Kill With Kindness

I have found a healthy balance of telling the truth and keeping my mouth closed. A valuable life lesson learned the hard way.

I've also found a healthy balance in friendship. Ups and downs. Moments of betrayals.

Sometimes you can call people out on their bull, sometimes you can only keep your mouth closed long enough to find a quiet place to say things to yourself. (Mostly because under your breath rarely is as secretive as you wish it had been).

And gossip is never as safe as you think either. Although sometimes the word gossip seems like a much harsher word than you want to use. You don't always mean things you say in a negative light, but they can easily be repeated in one and you'll never get the opportunity to right it because people rarely confront the person where the "gossip" came from. They just keep it inside, hold it against the person, and never trust them again... or if they're very vindictive, look for any and every opportunity to get them back.

Old news.

But really, sometimes the word gossip is a harsh term. Makes me wonder what the dictionary definition is...

(Pause while I look it up.)

Well, dictionary.com says it basically means "to tattle". So, underlining definition would be almost an attitude? The heart behind the words, eh?

But, as human beings, is it our responsibility to be a door mat?
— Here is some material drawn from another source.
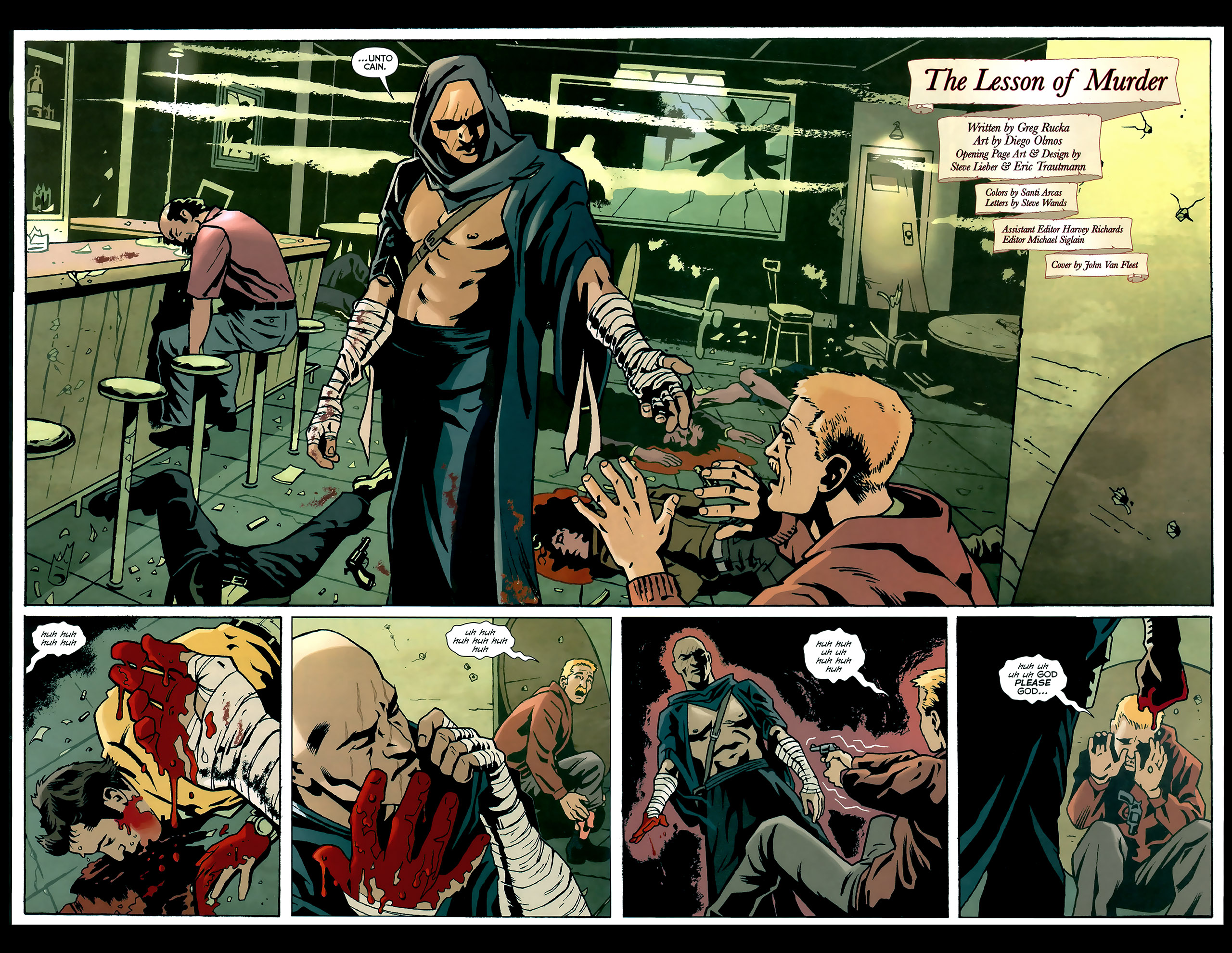 Read online Crime Bible: The Five Lessons of Blood comic -  Issue #4 - 3
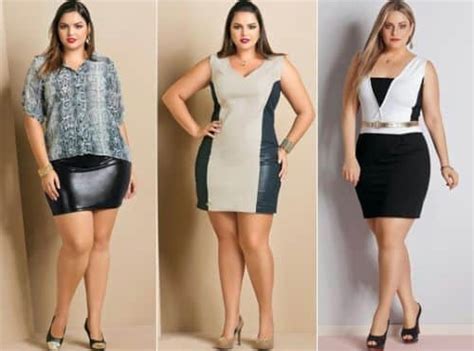 Como Usar Roupa Justa Na Moda Plus Size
Should we just keep our mouths closed when people that supposedly care about us continue to treat us disrespectfully? I consider myself fair and a pretty patient person, but there's only so much I can let slide. There does come a point where I feel the need to stand up for myself. Maybe people aren't always fully aware of how hurtful the things they say can be, though you shouldn't have to go around constantly telling people that mocking you or the things you like is disrespectful. That's the kind of thing that should be common sense.

But when I finish yelling at the computer screen, I breathe out. And when I finish counting to ten in my head in person, I breathe out. I think of something positive and try to release the negatives. Then I try to have a laugh. Because laughter heals the soul.

And I talk it out. It helps. It doesn't make the situations any less annoying to have to deal with, but it helps to move on without blowing up in someone's face. Anger control, in so many words.

And it helps to know that everyone deals with these things, everyday. And more than once I'm sure they've had to deal with me in that way. Because I'm human too.